Queremos tudo em ordem: casa, trabalho, casamento (se você for casada), filhos (se você os tiver), finanças, peso, cabelo, menstruação (para quem não quer engravidar) e mais uma lista interminável de coisas. Algumas necessárias, mas outras, na maioria das vezes desnecessárias.

Queremos ser especialistas em política, moda, ativismo, mercado financeiro, como fazer isso, como fazer aquilo. Queremos descobrir como sair da rotina, como salvar o mundo, como parar o aquecimento global. É muita informação.

Chega!!!!!!!!!!!!! Desacelera a mente por favor.

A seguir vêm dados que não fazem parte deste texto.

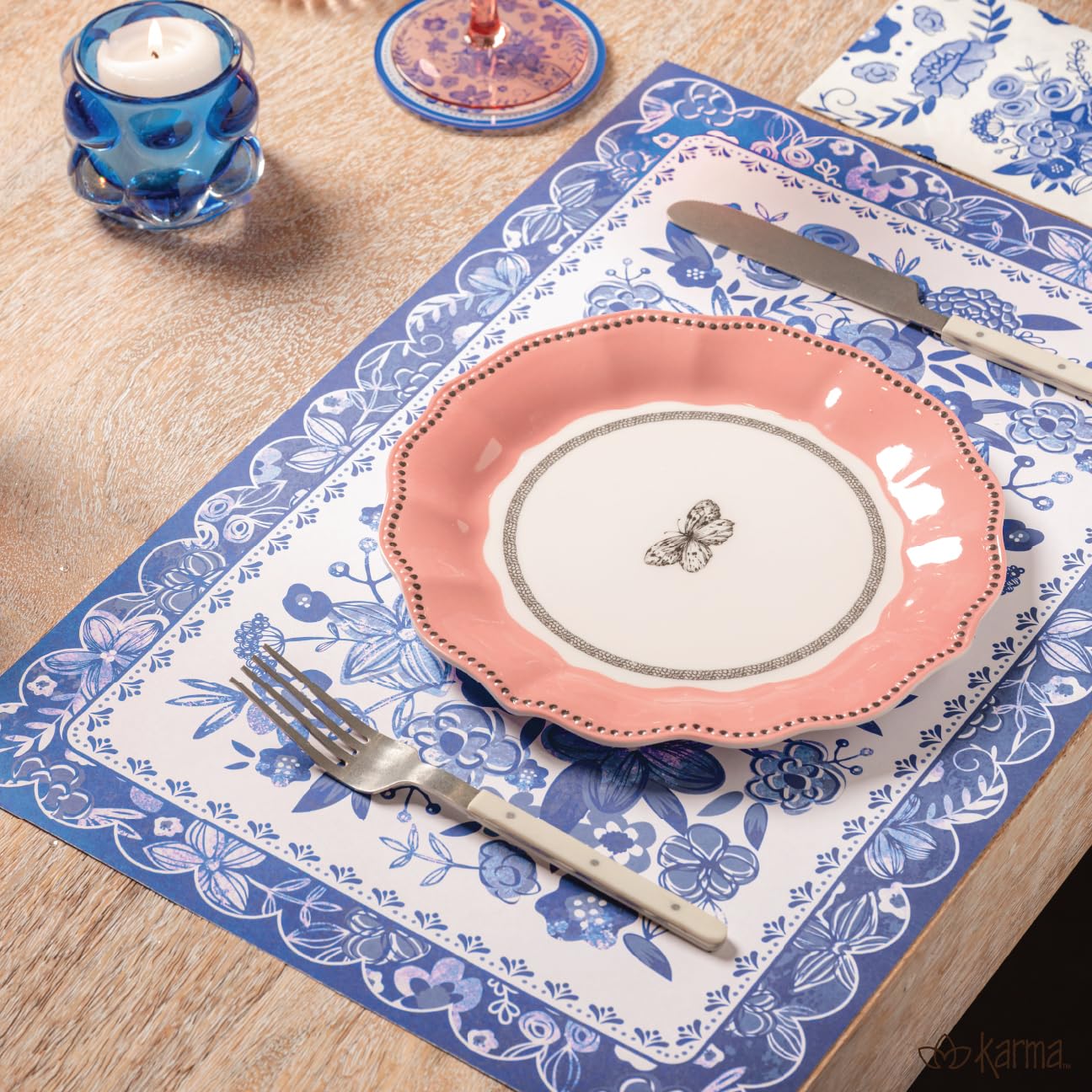 Karma, Paquete de 24 manteles Individuales Desechables para Mesa de Comedor, Boda, Fiesta de Vacaciones, manteles Individuales de Papel de 12.5 Pulgadas de Largo x 18.5 Pulgadas de Ancho, Azul y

É preciso trocar o salto alto por uma havaiana. Tirar a maquiagem, sentir o vento bater no rosto. Fazer um coque no cabelo, esquecer o celular na gaveta junto com o relógio e tocar o dane-se (estou sendo educada, porque eu adoro dizer tocar o f...). Chego à conclusão de que eu não quero ser uma Supermulher, nem uma Mulher-Maravilha, nem uma Super-Heroína, nem uma Super nada. Quero ser apenas uma Mulher, com direito a nesse período da vida, a ser a mãe de um Golden e nem sempre estar a fim de passear com ele. Quero ser a mulher que se separou e que está solteira (é, ainda não apareceu nenhum corajoso). Quero deixar a minha casa bagunçada de vez em quando, com roupas esparramadas e louças por lavar. Quero comer quase tudo o que me dá prazer (sem o sentimento de culpa), quero viajar, escrever, chorar quando eu me sentir perdida, entre outras fraquezas que são minhas e que faz de mim esse Ser único e tão singular. Eu não quero ser nada “Super”. Não quero o excesso, alias é na leveza que a vida é feita. Quero ser apenas uma mulher com todas as paranoias da qual somos presenteadas. Quero as cólicas, lágrimas, surtos, tpm. Quero todas as fases e todos os desvaneios. Quero dizer que está tudo bem não estar tudo bem, porque logo esse turbilhão de sentimentos passa.

E, se amanhã, ao acordar, eu querer ser Super alguma coisa, eu espero de todo o meu coração que eu queira ser apenas uma Super Eu.